*** Opening SUPPLIED RECORDS ***

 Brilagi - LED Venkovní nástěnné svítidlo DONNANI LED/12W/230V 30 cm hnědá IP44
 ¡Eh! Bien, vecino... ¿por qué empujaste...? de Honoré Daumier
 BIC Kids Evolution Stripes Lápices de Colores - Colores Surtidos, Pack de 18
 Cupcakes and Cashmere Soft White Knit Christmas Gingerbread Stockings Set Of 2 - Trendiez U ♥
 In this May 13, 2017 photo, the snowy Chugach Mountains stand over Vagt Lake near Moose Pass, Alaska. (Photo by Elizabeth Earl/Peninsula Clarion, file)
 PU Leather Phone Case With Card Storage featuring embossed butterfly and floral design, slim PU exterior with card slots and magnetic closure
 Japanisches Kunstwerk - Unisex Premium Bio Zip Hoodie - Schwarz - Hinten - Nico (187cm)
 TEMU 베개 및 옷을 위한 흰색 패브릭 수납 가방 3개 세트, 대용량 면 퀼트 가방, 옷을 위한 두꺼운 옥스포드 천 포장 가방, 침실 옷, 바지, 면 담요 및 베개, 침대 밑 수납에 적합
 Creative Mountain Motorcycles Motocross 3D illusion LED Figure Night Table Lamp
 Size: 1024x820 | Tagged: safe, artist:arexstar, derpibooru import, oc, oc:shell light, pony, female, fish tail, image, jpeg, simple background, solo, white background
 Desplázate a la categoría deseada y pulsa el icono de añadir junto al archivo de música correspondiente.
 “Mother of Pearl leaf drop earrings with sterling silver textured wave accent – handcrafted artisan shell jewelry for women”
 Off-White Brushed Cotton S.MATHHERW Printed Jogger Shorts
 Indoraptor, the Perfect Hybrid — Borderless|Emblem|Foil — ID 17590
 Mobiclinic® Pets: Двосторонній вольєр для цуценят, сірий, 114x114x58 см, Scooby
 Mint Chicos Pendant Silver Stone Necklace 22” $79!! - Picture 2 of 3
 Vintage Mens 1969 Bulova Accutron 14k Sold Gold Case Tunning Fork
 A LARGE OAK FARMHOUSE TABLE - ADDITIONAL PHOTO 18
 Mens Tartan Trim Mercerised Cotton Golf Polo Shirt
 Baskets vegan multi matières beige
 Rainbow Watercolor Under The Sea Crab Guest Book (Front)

*** Closing SUPPLIED RECORDS ***

EXERCISE OBJECTIVE →
Output the full listing again with nothing altered.

RESULT FOR THIS EXERCISE →
 Brilagi - LED Venkovní nástěnné svítidlo DONNANI LED/12W/230V 30 cm hnědá IP44
 ¡Eh! Bien, vecino... ¿por qué empujaste...? de Honoré Daumier
 BIC Kids Evolution Stripes Lápices de Colores - Colores Surtidos, Pack de 18
 Cupcakes and Cashmere Soft White Knit Christmas Gingerbread Stockings Set Of 2 - Trendiez U ♥
 In this May 13, 2017 photo, the snowy Chugach Mountains stand over Vagt Lake near Moose Pass, Alaska. (Photo by Elizabeth Earl/Peninsula Clarion, file)
 PU Leather Phone Case With Card Storage featuring embossed butterfly and floral design, slim PU exterior with card slots and magnetic closure
 Japanisches Kunstwerk - Unisex Premium Bio Zip Hoodie - Schwarz - Hinten - Nico (187cm)
 TEMU 베개 및 옷을 위한 흰색 패브릭 수납 가방 3개 세트, 대용량 면 퀼트 가방, 옷을 위한 두꺼운 옥스포드 천 포장 가방, 침실 옷, 바지, 면 담요 및 베개, 침대 밑 수납에 적합
 Creative Mountain Motorcycles Motocross 3D illusion LED Figure Night Table Lamp
 Size: 1024x820 | Tagged: safe, artist:arexstar, derpibooru import, oc, oc:shell light, pony, female, fish tail, image, jpeg, simple background, solo, white background
 Desplázate a la categoría deseada y pulsa el icono de añadir junto al archivo de música correspondiente.
 “Mother of Pearl leaf drop earrings with sterling silver textured wave accent – handcrafted artisan shell jewelry for women”
 Off-White Brushed Cotton S.MATHHERW Printed Jogger Shorts
 Indoraptor, the Perfect Hybrid — Borderless|Emblem|Foil — ID 17590
 Mobiclinic® Pets: Двосторонній вольєр для цуценят, сірий, 114x114x58 см, Scooby
 Mint Chicos Pendant Silver Stone Necklace 22” $79!! - Picture 2 of 3
 Vintage Mens 1969 Bulova Accutron 14k Sold Gold Case Tunning Fork
 A LARGE OAK FARMHOUSE TABLE - ADDITIONAL PHOTO 18
 Mens Tartan Trim Mercerised Cotton Golf Polo Shirt
 Baskets vegan multi matières beige
 Rainbow Watercolor Under The Sea Crab Guest Book (Front)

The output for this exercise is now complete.